「学びたい」に寄り添い38年…埼玉で唯一、市民が支える川口の「自主夜間中学校」 入学待機者も20人ほど

川口自主夜間中学の教室は和やかな雰囲気。手前右は数学を教える中野俊夫さん=9月26日、埼玉県川口市パートナーステーション

 市民がボランティアで支える県内唯一の「自主夜間中学校」が埼玉県川口市で開校して今年38周年を迎える。教えるスタッフは市民ボランティア。火曜日夜はJR川口駅前の市パートナーステーション、金曜日夜は幸町公民館で開校している。生徒は外国人が多く、2教室を合わせて中国、ベトナムなど10カ国の約50人。「学びたい人がだれでも無料で学べる」を開設以来のモットーに掲げる。悩みはスタッフが足りないことで、入学を希望する外国人も急増している。

 川口自主夜中は、戦争などで小中学校へ行けなかった未就学者のために1985年12月に開校した。最近は中身も大きく変わり、不登校だったので学び直したいという日本人や、日本語を学びたい外国人も増えている。

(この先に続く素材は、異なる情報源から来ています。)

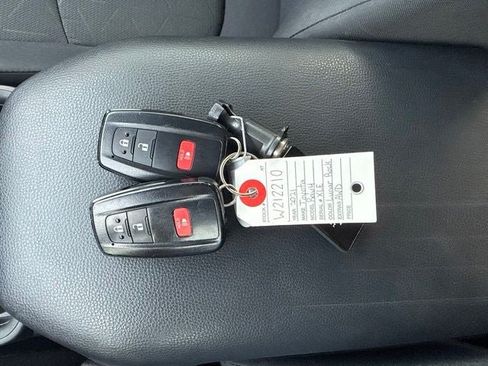 Used 2021 Toyota RAV4 XLE AWD/4WD image 34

 教える側はスタッフと呼ぶ。国語、理科、社会、英語などを担当する約30人。大学生から80歳まで、元会社員や元大学教授など多士済々だ。

 パートナーステーションを訪れた日、教室は生徒とスタッフでほぼ満席だった。ほとんどがマンツーマン指導で、和気あいあいのムード。

 元数学教師の中野俊夫さん(81)はノートを広げた市内の公立中3年生の中国人男子生徒の隣に座り、「高校受験の勉強を手伝っている」。自主夜中で教えた20代の日本人女性が「こんなに親切に教えてもらったことがない」と言って泣いたことがあった。「あの時は教師冥利(みょうり)に尽きると思った。教える喜びを感じた」と振り返る。

 端のテーブルで中国人の姉弟と向き合っていた元小学校長の片貝勝さん(71)は「現役の教師時代に子どもたちと正面から向き合ってこなかったという反省がある。ここでは恩返しの気持ち」。

 教室の南側の端で、小さな中国人女児と笑顔で話していた大学4年生の東海林駿さん(23)は「大学の卒業論文で教える側の問題意識をテーマに掘り下げたいと思う」と語る。

 自転車で通うスタッフの根岸正子さん(72)はベトナム人の小学3年の男子と5年生の中国人女子に教えていた。市立の夜間中学校「陽春分校」の2022年春の卒業生で、進路で迷っていたところ、陽春分校の先生から「ボランティアで日本語を教えたら」と勧められた。「いろいろ探して川口自主夜間中をみつけて飛び込んだ。楽しい学校です」

 「入学希望者にしばらく待ってもらう待機者が出ている。20人ほどが待機中です」と、同校を運営する「埼玉に夜間中学を作る会」の代表、野川義秋さん(75)は言う。

■11月4日に歴史振り返る集会

 川口自主夜中の歴史を振り返り、未来を考える「38周年集会」が11月4日午後1時半、川口駅前のリリア11階大会議室で開かれる。資料代200円。